Moving Stonehenge
A look at the fluid mechanics questions that are raised by the Stonehenge 'bluestones'.
Problem
Stonehenge is formed from massive stones made from Dolerite, which is has a density of $2.9$ tons $m^{-3}$. Interestingly, the quarries where such stones are found are a great distance from Stonehenge itself. It is usually assumed that the massive blocks were transported by water.

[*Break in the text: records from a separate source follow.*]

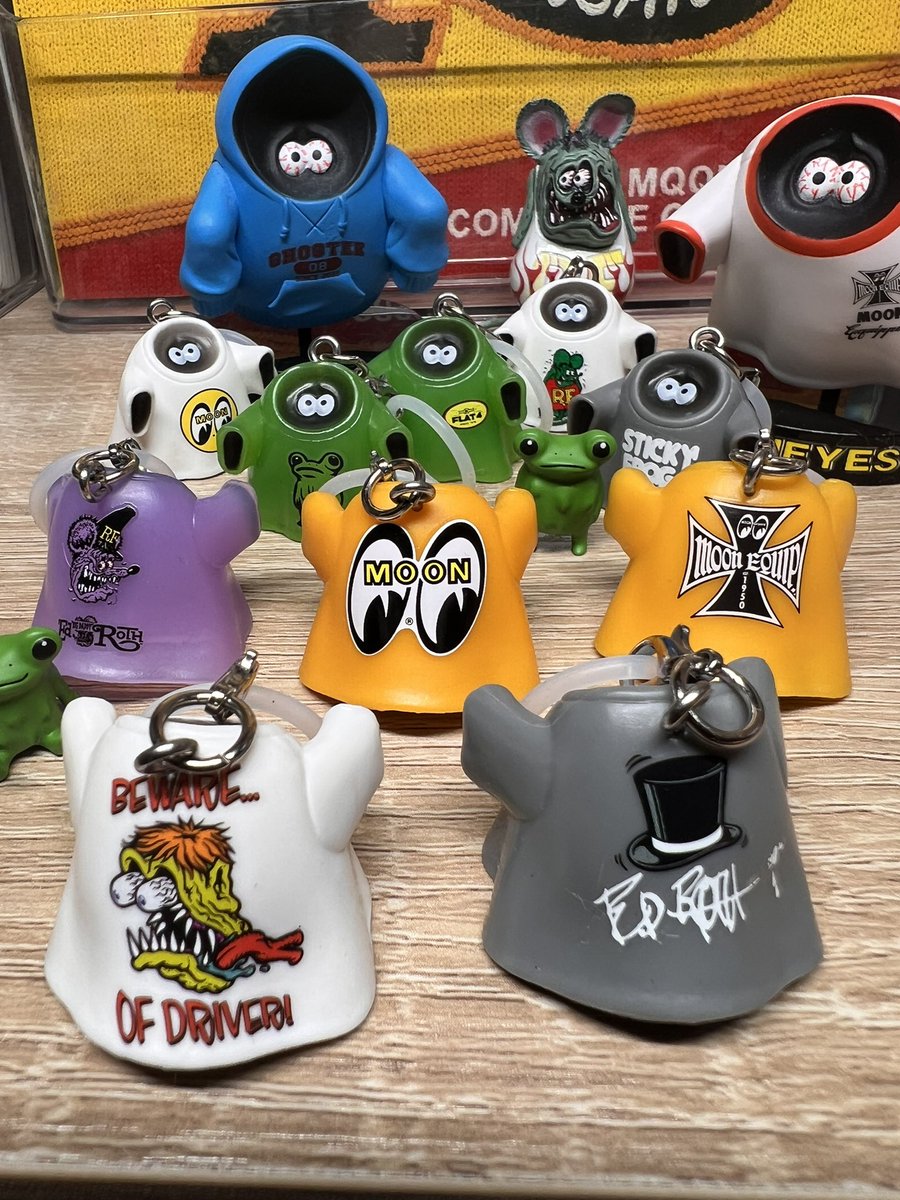 hidefinkdaddy's tweet photo. #ゴースティ #ghostee
#クオリア
めじるしチャーム
#stickyfrog #mooneyes
#ratfink #edroth
@stickyfrog_
#ムーンアイズ
#ラットフィンク https://t.co/Y8EuhKwqPC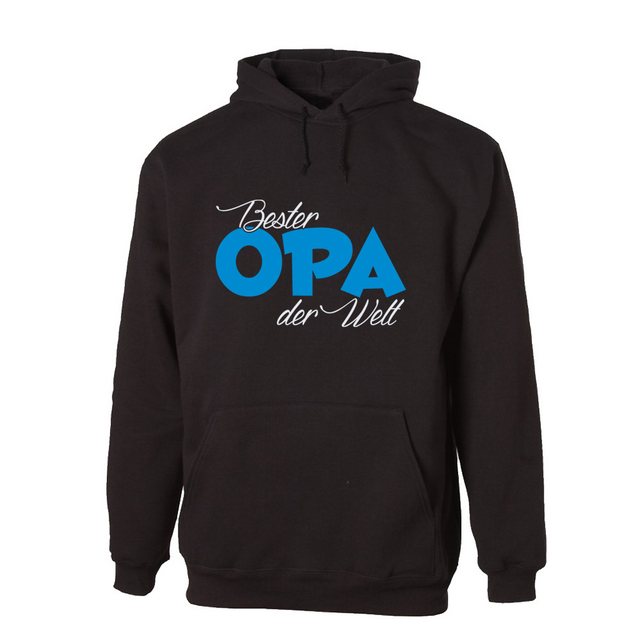 G-graphics Hoodie Bester Opa der Welt mit trendigem Frontprint mit Spruch günstig online kaufen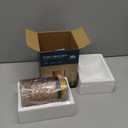 Battery Operated Lamp with Timer, Small Table Lamp Bedside Decor Ambient Light, Glass Cordless Battery Lamp for Bookshelf Living Room Entryway Diamond Design-Amber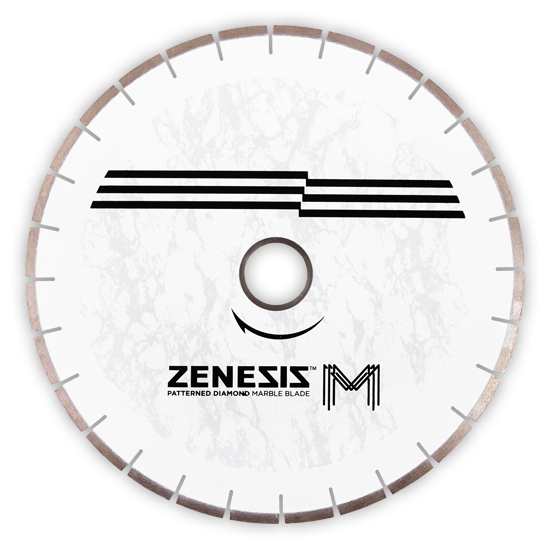 ZENESIS M Bridge Saw Blade for Marble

If we assumed that rafts were used to transport the blocks, what is the minimum length of trees, of diameter 20cm, that would have been required to transport each stone? An indicative density of wood is $\frac{3}{5}$ that of water, and assume that a typical Stonehenge stone can be approximated as a cuboid 5m high with 60cm square side length.
How would things change if barges were used instead of rafts?
You might want to experiment with wooden rods and kilogram weights to see how much weight a small raft can actually support. In order to do this, you will need to work out an estimate for the actual density of your wooden rods. Do your results tie in with the theory? What other mathematical and modelling issues arise?
Getting Started
Archimedes' Principle says that when you displace some volume of fluid, you experience an upward force equal to the weight of the fluid displaced.
The problem boils down to finding out how much weight a metre of log can support.
Many physics A-Level syllabuses cover Archimedes' Principle, which is covered in more depth in most 1st year general engineering courses.
Student Solutions
If transporting the stones dry, the minimum volume of wood required:
$(V_{stone}\rho_{stone} + V_{wood}\rho_{wood})g = V_{wood}\rho_{water}g$
$\therefore V_{wood}(\rho_{water} - \rho_{wood}) = V_{stone}\rho_{stone}$
$\therefore V_{wood} = \frac{V_{stone}\rho_{stone}}{\rho_{water} - \rho_{wood}} = 13.05m^3$
$V_{wood}/(\pi r_{tree}^2) = length_{tree} = 415.4m$
That's nearly half a kilometer of sizeable trees!
If the stones could be transported wet, which would of course require a river about 2 feet deeper, then less wood would have been required:
$(V_{stone}\rho_{stone} + V_{wood}\rho_{wood})g = (V_{wood} + V_{stone})\rho_{water}g$
$\therefore V_{wood}(\rho_{water} - \rho_{wood}) = V_{stone}\rho_{stone}$
$\therefore V_{wood} = \frac{V_{stone}(\rho_{stone} - \rho_{water})}{\rho_{water} - \rho_{wood}} = 8.55m^3$
$V_{wood}/(\pi r_{tree}^2) = length_{tree} = 272.2m$
That's still a lot of trees, but considerably fewer, maybe 25 large trees. That is the absolute minimum value though, at which the object will have neutral buoyancy, i.e. will have the overall density of water.